Here we are! May I just say this was an incredibly hot and humid day? Still no curling iron!
This is the view from the Colosseum. We were allowed as far up as the second level. They are slowly beginning to open the third level and the underground tunnels to tours, but the next available English tour wasn’t until November. If you’re planning a trip, book that tour early! It’s really, really popular.
I’ll be honest, I’ve forgotten whose house this was. We saw so many; but it was one of the emperors. Probably Domitian.
More of Domitian’s house. This was the private area, with the beautiful gardens and courtyard. It also had a bath that was beautifully shaped and tiled.

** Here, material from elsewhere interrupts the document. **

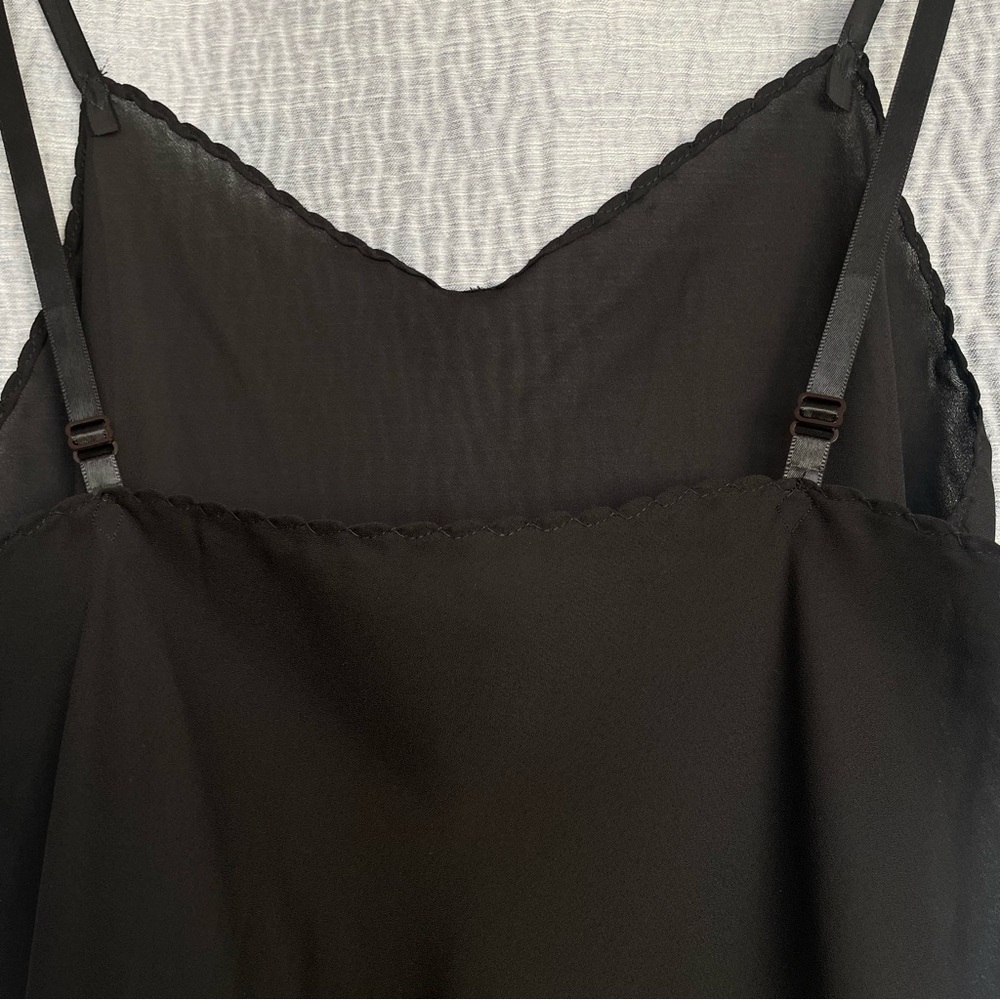 Romantic Goth Long Black Sheer Slip Dress Size 34* Spaghetti Strap V-neck - Picture 3 of 8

The view of the area around the forums (yes, there are several forums) from Domitian’s house. The building on the right with the giant arches was a basilica — a place for trade and commerce. When the Christians were designing their first churches, they were uncomfortable mimicking the pagan temples, so they were molded after civic buildings. That’s why many early churches have lots of arches, naves, and side alters.
This was the arch Hadrian built to honor the sacking of Jerusalem in about 70 A.D. the frieze on the inside (not shown) shows the Roman soldiers carrying off the booty from the Jewish Temple. It is said that the jews who lived in Rome during the time this arch was in use refused to pass under it and would always go around.
This is a temple of Romulus. It’s not THAT Romulus, however, but that is why it was probably preserved. It’s actually in honor of a 7 year old boy, the son of an emperor, who was deified upon his death. Even the bronze doors were saved during a time when anything bronze (including the Collosus and every other ancient bronze statue) were melted down to make cannons.
This was fascinating to me because I didn’t realize any evidence still existed. This is the courtyard of the home used by the Vestal Virgins. Just behind where I’m standing when I took this picture are a couple columns in a partial circle that would have been where the fire of the Vestal Virgins was kept burning 24/7. Girls were brought here by their families between the ages of 7 and 10 and left here to serve as Vestal Virgins for a period of 30 years. After that, they were free to leave, but most didn’t. They were old women by then, given the life expectancy at the time. FYI: if a Vestal Virgin might happen to have lost her virginity at any time during her service, she was buried alive, no questions asked.
One thought on “Ancient Roman Ruins”
You must really get a sense of history there. It’s amazing all of that was built thousands of years ago, without machinery.